Well I finally found where I can get a good engine.  I have decided to go with a Subaru engine after all.  COOPER started me thinking again and I redoubled my efforts to find what I needed.  Since the weather was so cold I couldnt strip (paint that is) I spent my time looking for the engine.  FOUND.  If anyone wants a great source for the Subaru engines please let me know.


----------



## Snowcat Operations

Found this sign under all those layers of paint.  See pics 3 and 4.  It says something then "Telephone Co."  Thought it was pretty cool.


----------



## Melensdad

Mike, if I recall some of the import history that Lyndon wrote up, didn't the Canadian utility companies bring over a bunch of Snow Tracs to work on their telephone lines?  I don't know the name of the Canadian telephone company, but I suspect that may be where your Snow Master originated?

Is it possible the first letters before the word TELEPHONE are "R C" which could be short of Royal Canadian???  Just a guess!  

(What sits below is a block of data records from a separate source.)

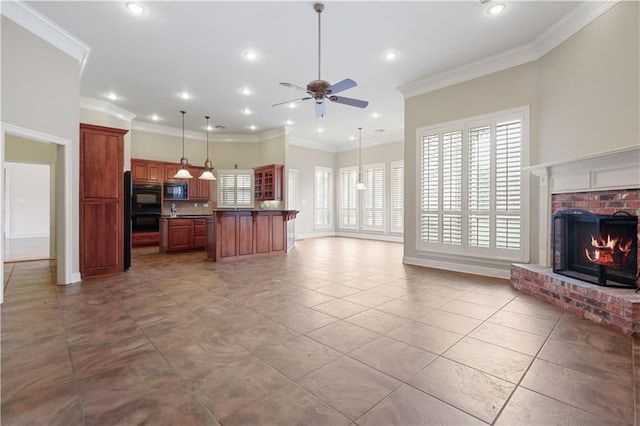 kitchen with a brick fireplace, black microwave, ornamental molding, a kitchen island, and pendant lighting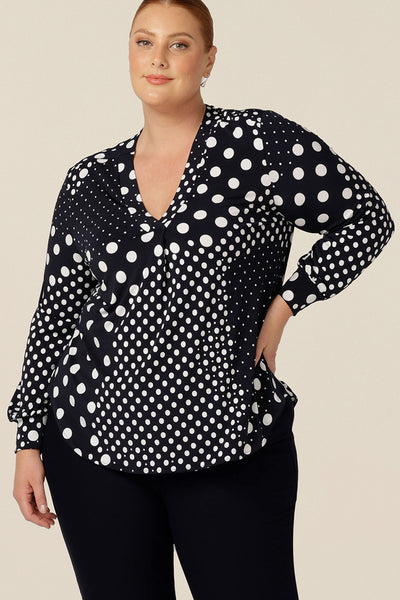 A size 18, fuller figure woman wears a long sleeve, V-neck top in navy and white polka dot print jersey. With full length sleeves and cuff details, this smart top is good for work and casual wear.
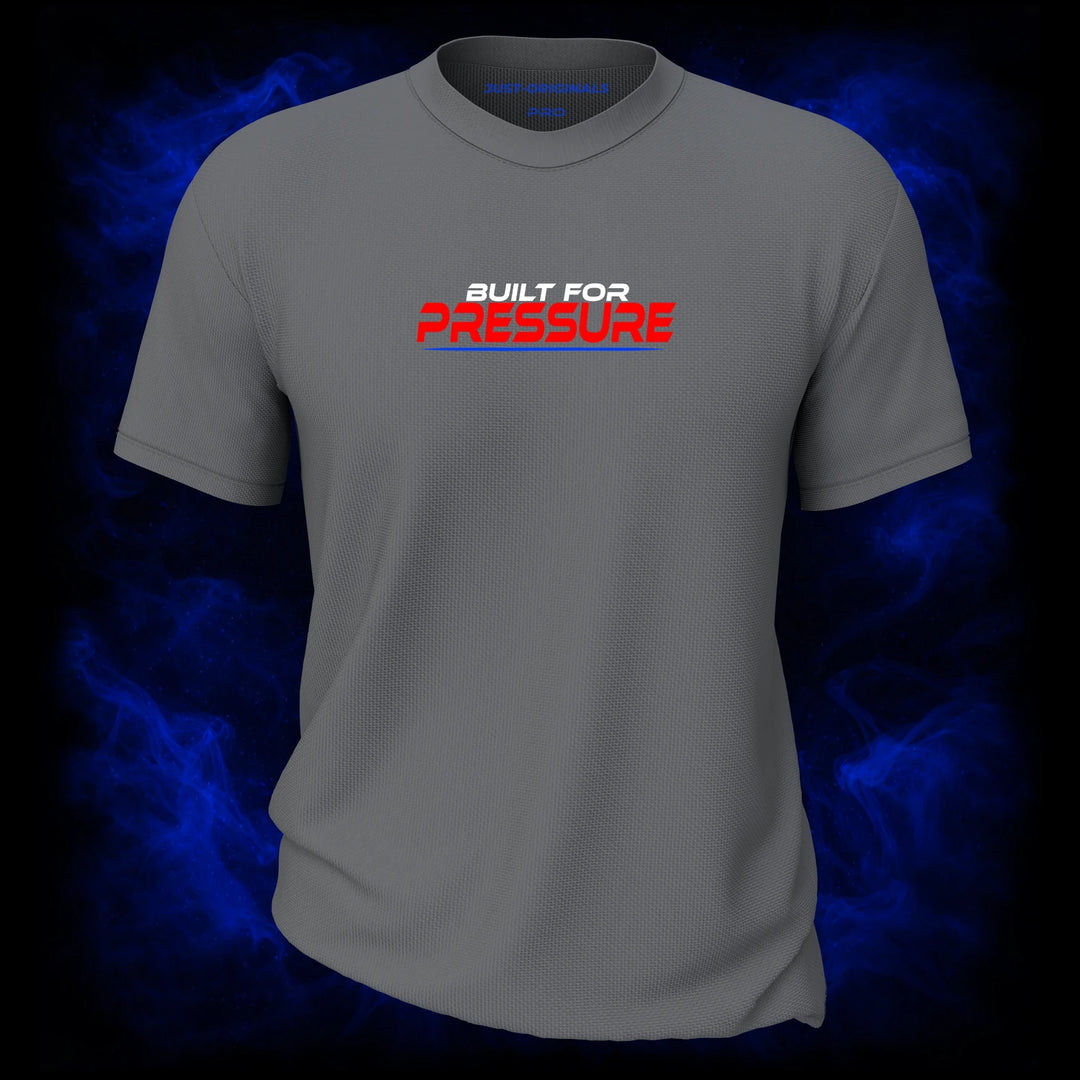 MAXPULSE™ PRO | BUILT FOR PRESSURE | Front Design | Bold red PRESSURE typography with white BUILT FOR accent and blue underline on SteelPulse™ performance tee | Featured in MAXPULSE™ PRO Men Performance Tee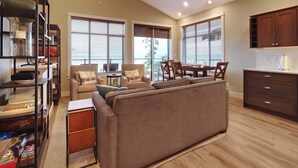 A spacious living room with a sofa, a coffee table, and a dining area with chairs. There is a ceiling fan, large windows with blinds, and a kitchen area with cabinets. - Amazing Marina & Oceanfront View - Pet Friendly - Sleeps 6 (Port Renfrew)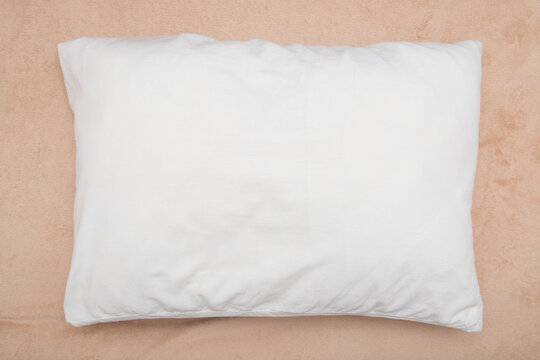 White mock up pillow on beige background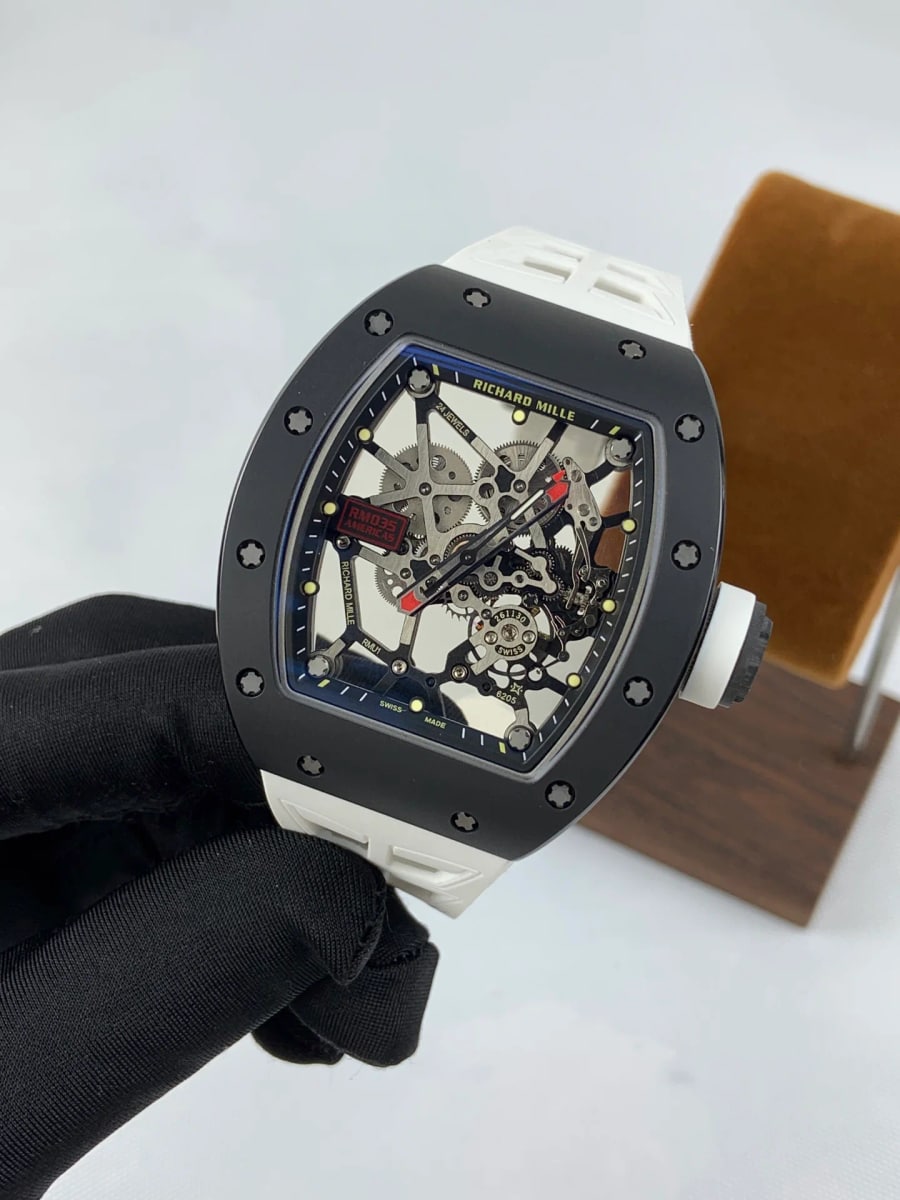 Angled three-quarter view of the matte black case, showing the bezel standing proud of the case top, the crown on the right side and the white strap turning down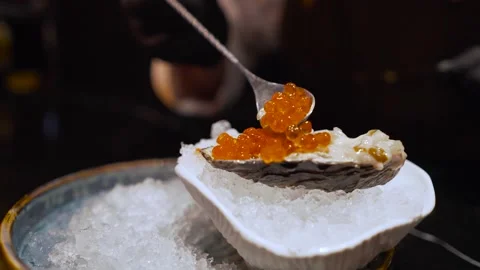 Close-up of a cook putting red caviar on an oyster clam Video stock 160851783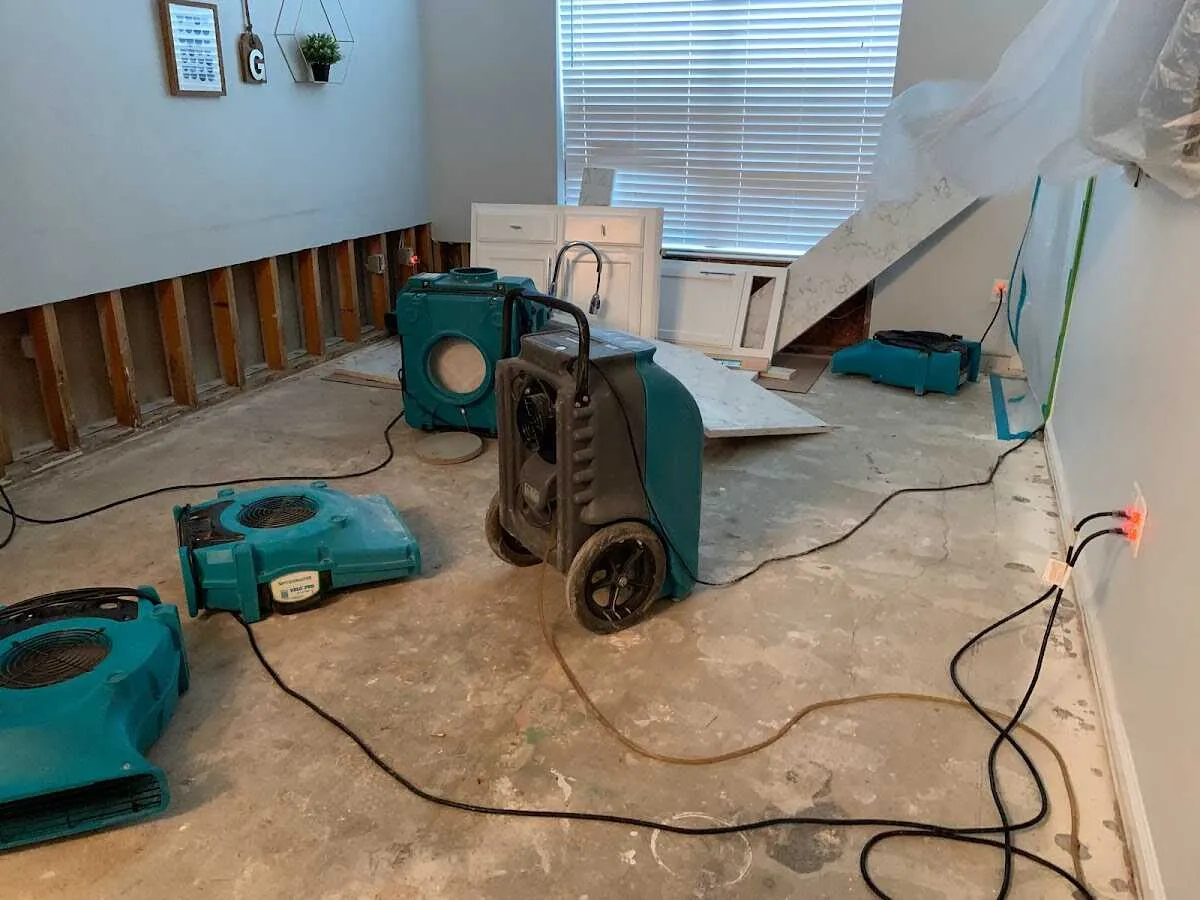 Dehumidifier in flood-cut room for Water Damage Restoration in Elkton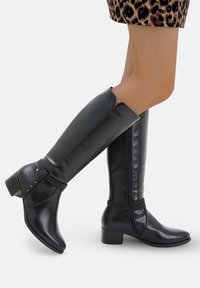 Botas negras hasta la rodilla con un acabado de cuero suave, cremallera lateral y un tacón bajo, con una correa decorada con tachuelas.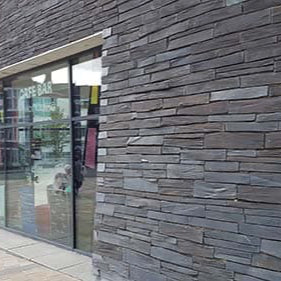 Modern building exterior with glass facade and wooden paneling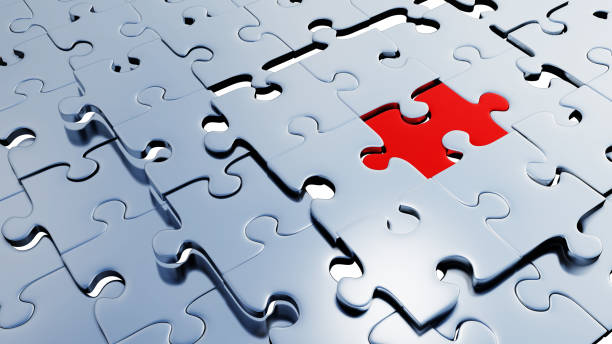 istock Many silver puzzle pieces placed soon with a large red piece between them 1196212427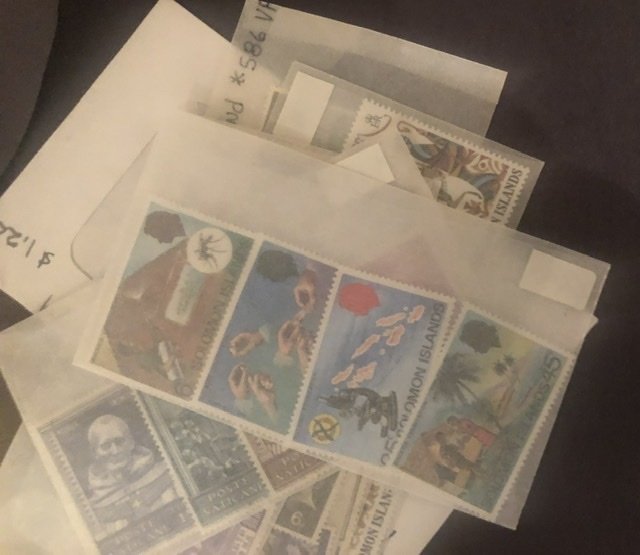 Lot of International Stamps In Glass Scenes Some Have Nice Value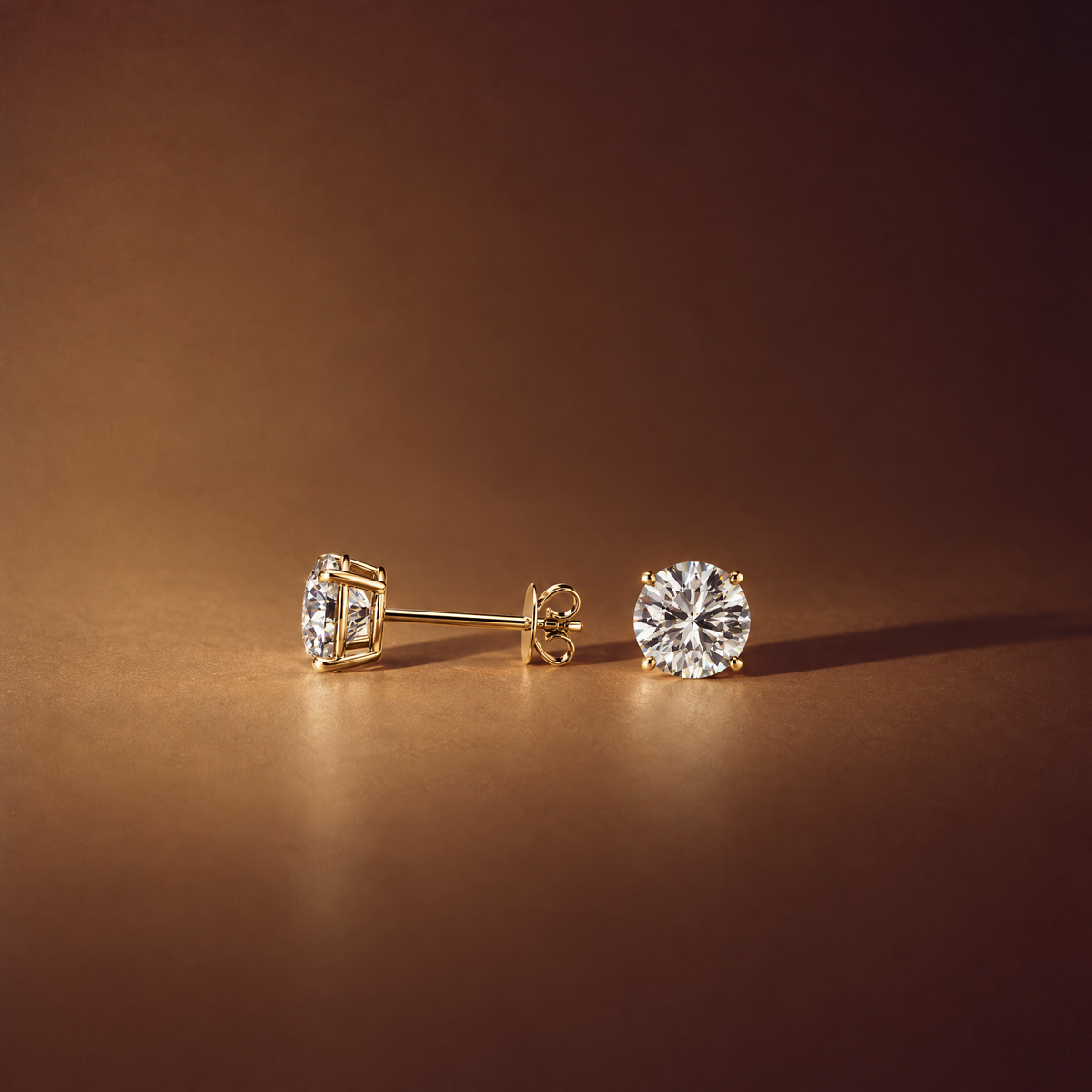 Pair of 1 carat round lab-grown diamond stud earrings in 14K yellow gold, one shown side-on with its four-prong basket, post and push back, brown background, AI-generated image — DEEVE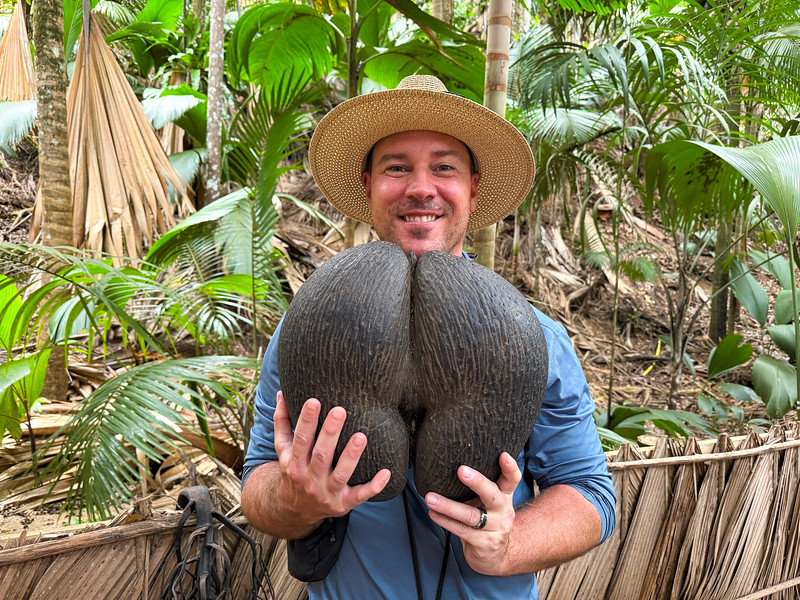 David Stock with a Coco de Mer in the Seychelles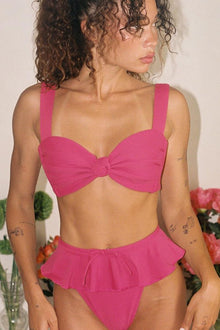 Hot pink bikini bottom with ruffled waistband and side ties.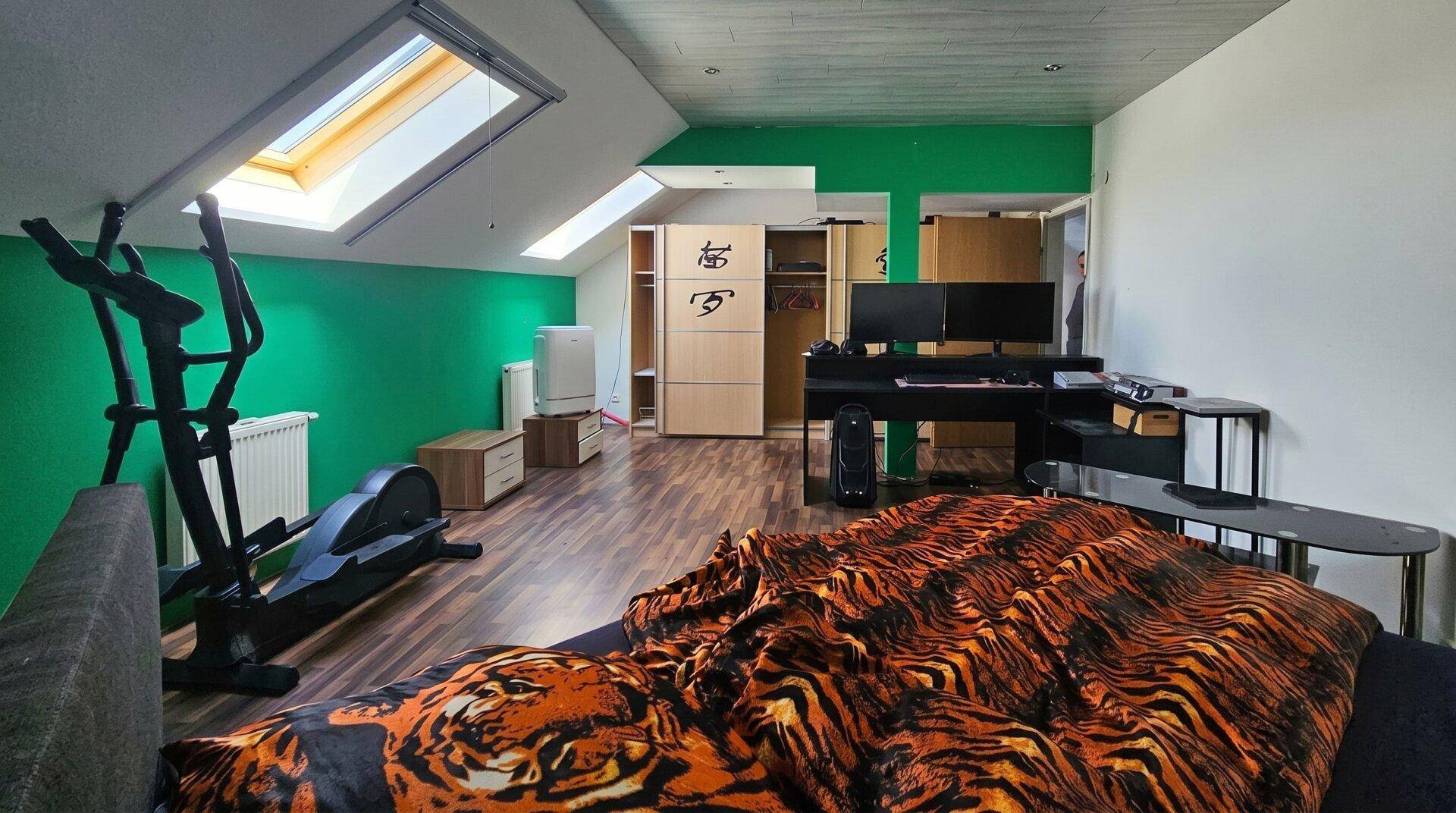 Vielseitiges Dachzimmer mit grünen Wänden, Bett, Schreibtisch und Fitnessgerät.
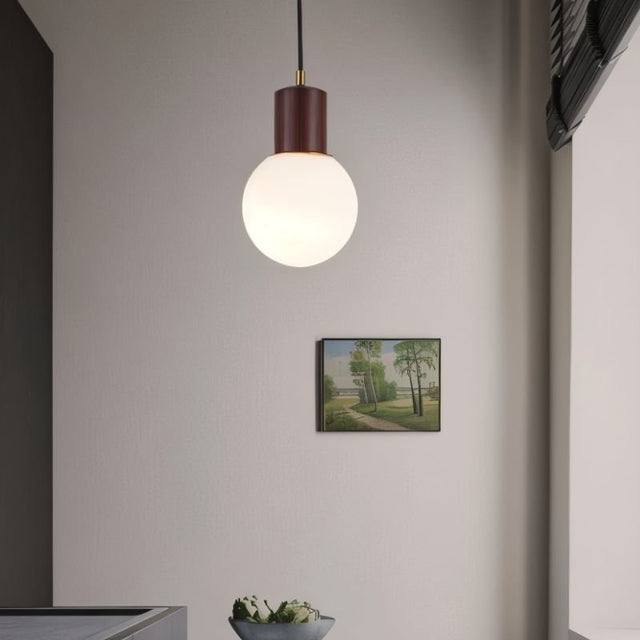 "Modern pendant light featuring sleek spherical design and wooden holder, ideal for dining rooms and kitchens."
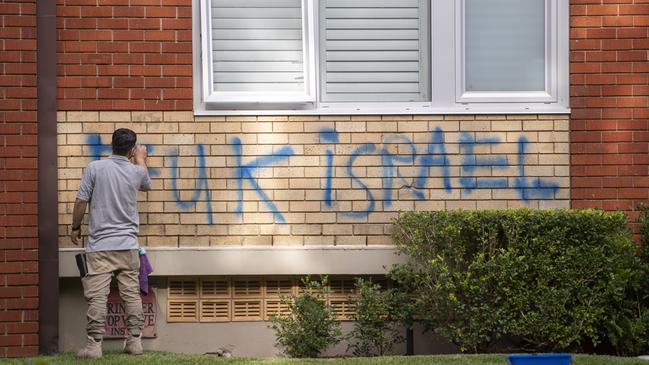 A worker cleans off graffiti on a Woollahra apartment block last Thursday. Picture: Jeremy Piper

Maybe some of our Canadian members can shed some light on the issue for you.


----------



## Snowcat Operations

Bob,
It could be RC but to me it looks like BC.  Lyndon suspected mine was a Ex Tele cat.  Which I do recall the previous owner said he got all of his from them.  Lyndon suspected because of all the mods done to the engine.  These were standard mods for the phone company.  I also picked My Snow Master up from BC so it makes sense.  I will try and remove the rest of the paint a little more gently till I find out what is says.  OH well its kinda fun.  Then back to stripping.


----------



## Snowcat Operations

British Columbia Telephone Company ( Now BC TEL )  Found this.  BUT I suspect the picture isnt going to post.


----------



## Snowcat Operations

Yup no pic.  Oh well there is a B C Telephone Company


----------



## Snowcat Operations

I wish I had a picture of her when she was new and then after her painting for the Phone company.  That would be neat!


----------



## Snowcat Operations

Since I will be running a Subaru engine I wonder what I should do with the vents on the hood itself.  The back vents will be replaced with flat sheet aluminum.  Maybe some hood scoops for the hood?


----------



## mtmogs

Thanks for the pics SNOWMASTER, keep 'em comin'. You're making some good progress. Can't wait to see the subuaru engine installed!


----------



## Snowcat Operations

Thanks Mntnmogs.  I didnt think anyone was even looking at this thread.  I felt well at least I will have the pictures to show my progress and return to later to see how I did something.  Thanks.


----------



## Vance

SO,

I'm watching this thread, too!!  Very closely actually as *someday*... I will own a Snow Master!!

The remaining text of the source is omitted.